While giving a tattoo, he meets 18-year-old Gita who instantly captures his heart. As upsetting and unimaginable as this tale is, there is such a beautiful love story as its core that I could not stop smiling at, and the determination each of them showed to survive and be together was so spectacular, it's hard to believe it isn't a work of fiction. As well as Lale and Gita, every character was portrayed brilliantly, whether they were good or bad, and I could imagine the whole true scenario with great clarity, which on many occasions made it extremely upsetting and hard to read but equally an important situation to comprehend. Each of them are pushed to the breaking point but never actually break, some fortunate enough to miraculously survive during the bleakest of times. But while the book is about these things, it's also about the triumph of the human spirit, about compassion and hope and never losing your faith.

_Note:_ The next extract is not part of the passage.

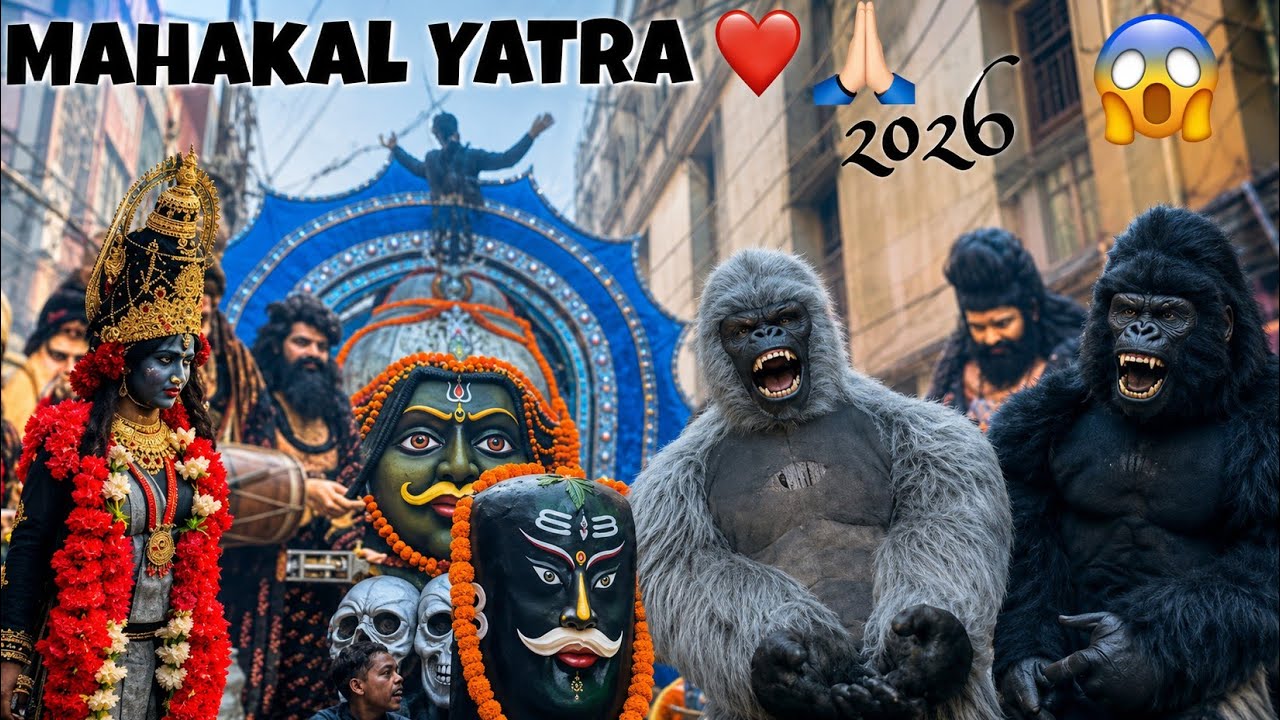 #vlog27 2026 // महाकाल यात्रा 👣 // राजनांदगांव // 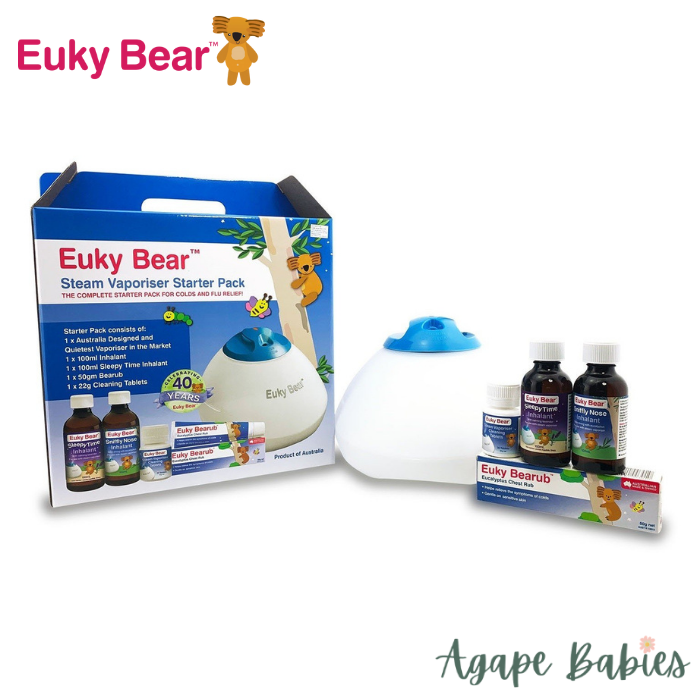 Euky Bear Steam Vaporiser Starter Kit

Morris took several years to write Lale's story and I believe she has written a book that Lale would be extremely proud of. Her writing is filled with utmost care and consideration, putting our everyday problems into perspective against one of the most brutal and sickening periods of history.
The reason why I'm not giving The Tattooist of Auschwitz a full 5 stars is because, despite the horrific events and immense struggles faced by the characters, I didn't feel as much emotion as I expected to, which I think is due to the writing being less rich with emotion than other historical books I've read. It had a kind of storytelling tone, which I suppose makes sense as the author is of course retelling a story that isn't hers, but at times I just felt an emotional disconnect from the characters. That being said, it is certainly impossible to dislike Lale and how he uses his position to alter the fate of so many innocent prisoners. I think the stark contrast between humanity at its best and at its worst that is present in The Tattooist of Auschwitz is something that everyone should be exposed to, and while the content of the book is undeniably harrowing, there aren't really any overly graphic descriptions so I think the appeal of the book shouldn't be lost on younger audiences either.
There are sure to be many other tales from history that will always unfortunately remain untold, but I'm very glad we at least have Lale's, a man whose strength and selflessness can now inspire generations.